• Task goal
With the pictures omitted, please transcribe exactly the lines beginning at the one that contains "Tăblie cu dulap" and ending with the last line of the records below.

• Records to use
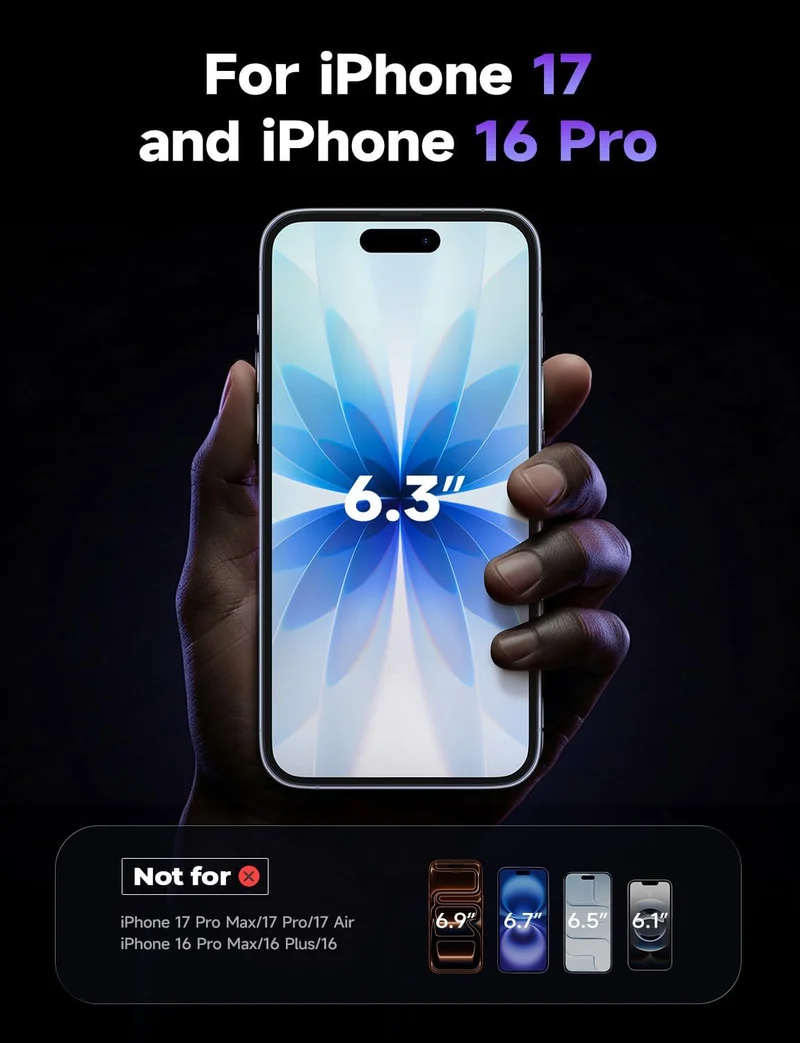 LISEN 2er-Pack Displayschutzfolie für iPhone 17 / iPhone 16 Pro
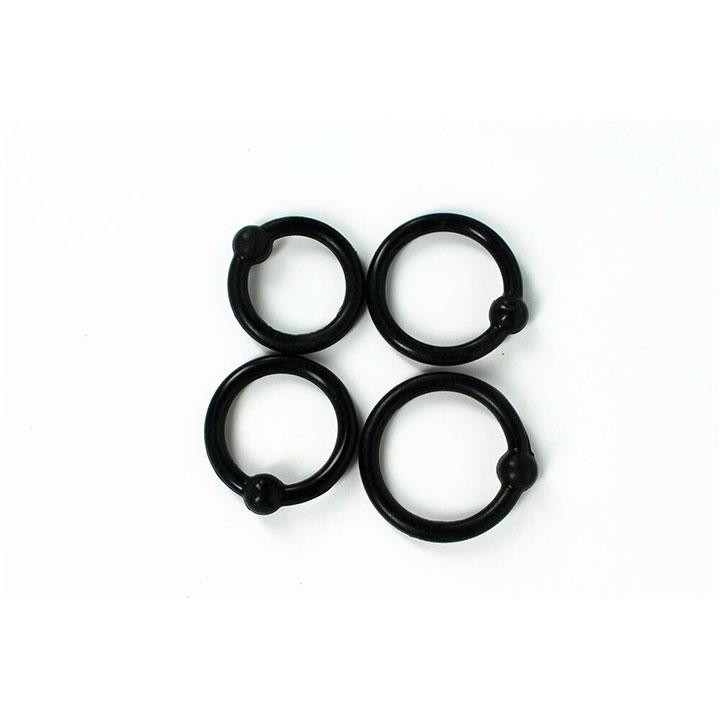 Набор эрекционных колец (4 шт) - Черный Винница - изображение 2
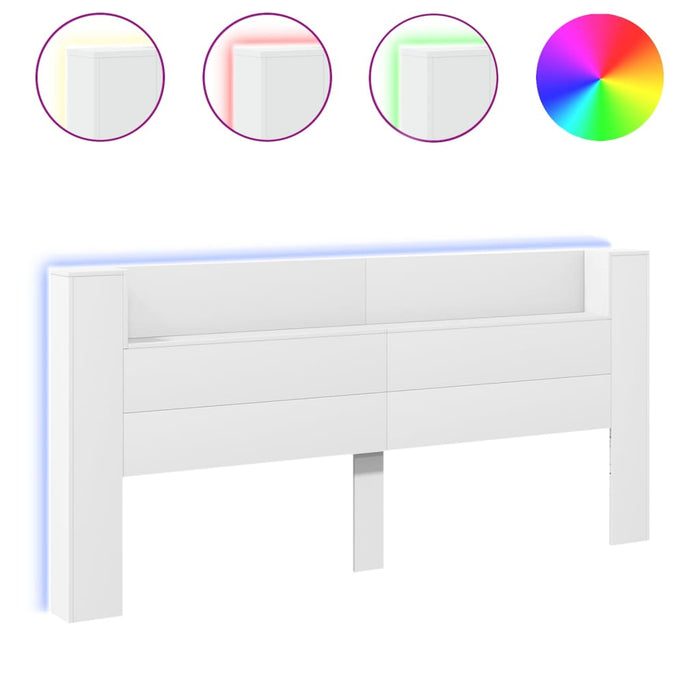 Tăblie cu dulap și LED, alb, 220x16,5x103,5 cm - WALTI WALTI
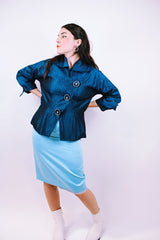 baby blue satin high waisted pencil skirt vintage 1980's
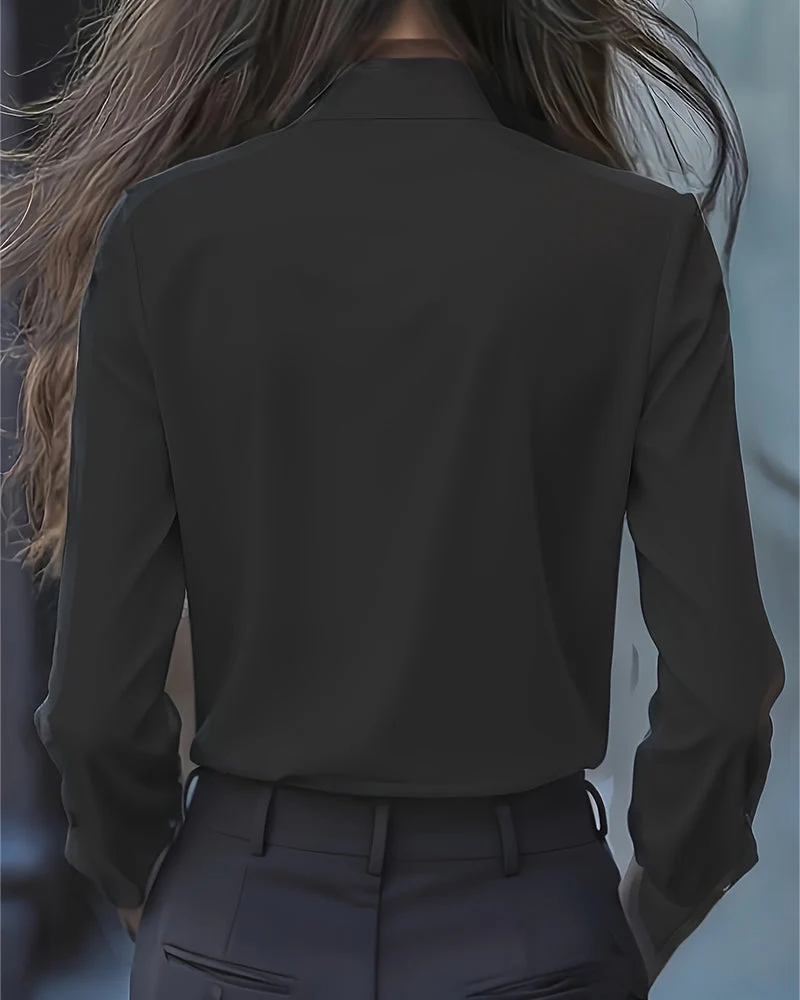 Bow Ruffle Long-Sleeved Shirt - Image 9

• Task output
 Tăblie cu dulap și LED, alb, 220x16,5x103,5 cm - WALTI WALTI
 baby blue satin high waisted pencil skirt vintage 1980's
 Bow Ruffle Long-Sleeved Shirt - Image 9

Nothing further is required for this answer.